Inflatable pachyderm to pack trunk for sojourn’s end
Ask most people about the meaning of the well-known phrase, “Elephant in the room,” and most will respond, “An obvious problem is being ignored.”
When a huge white elephant mysteriously appeared around Santa Barbara this past month in 15 different locations, most curious onlookers had another question: “What’s the story of the elephant?”
According to Iman Djouni and Jonathan Taube, creators of the project, “Light Elephant Santa Barbara 2020-2021,” the artwork “deploys an enigma appearing in the backgrounds of familiar places and historic passages, moving through the downtown like a flaneur in public space. Its presence provokes three simple questions: “What has happened here?” “What is happening here?” and “What will happen here?”
The Light Elephant’s journey around town will culminate this weekend at the Museum of Contemporary Art Santa Barbara in Paseo Nuevo with a family friendly workshop from 1 to 4 p.m. today and a poster making workshop there from 11 a.m. to 5 p.m. Sunday. Participants will be provided materials to make posters to hang in the gallery.
Ms. Djouni, an assistant teaching professor at UCSB’s College of Creative Studies and Department of Art, and her partner, Mr. Taube, an architectural designer, introduced the elephant in 2017 as part of a community project in Baltimore.

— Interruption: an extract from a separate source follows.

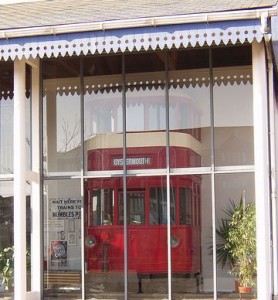 Window of the Tramshed with the front of the Mumbles train visible behind the glass.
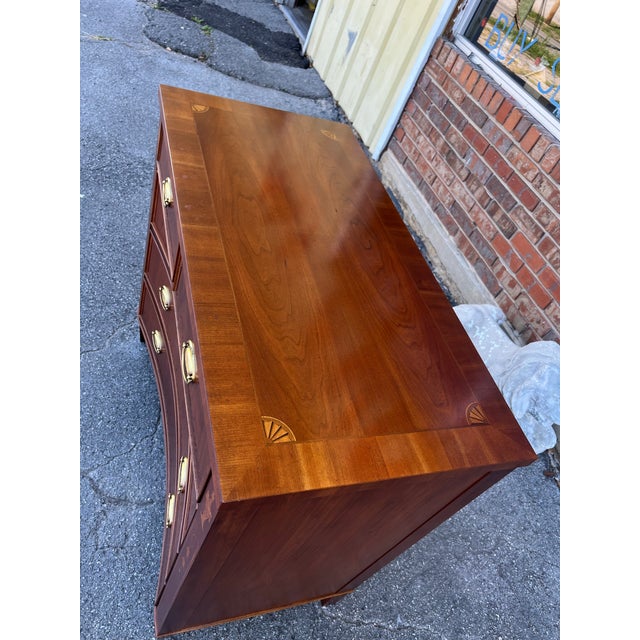 Very unique bachelor's chest by Hekman featuring a concave bowed design. The top is banded with four bookmatched panels in...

During this past summer, the couple directed a team of UCSB students to install the large-scale public artwork in dozens of sites in town. Among them were multiple places on State Street, the Lobero and Granada theatres, Alameda Park, Santa Barbara Public Library, Chase Palm Park and Santa Barbara Historical Museum.
Made of white nylon fabric, the elephant is 16 feet tall, 12 feet wide and 20 feet long.
“We had it digitally fabricated from a computer model of an elephant that we provided to the manufacturer,” Mr. Taube told the News-Press. “The manufacturer made it to our specs using software to make the pattern that was cut by a plotter and then sewn together.”
The elephant was conceived to be a temporary public artwork that could be easily packed, transported and displayed in various locations.
“We had permits for the installations to be in each location for about two to three hours. We did multiple locations per day and made periodic pop-ups,” said Mr. Taube, adding that they have installed it “in many situations, from upside down in galleries to rooftops. It weighs about 50 pounds, packs in a bag/sack and takes about 15 minutes to inflate.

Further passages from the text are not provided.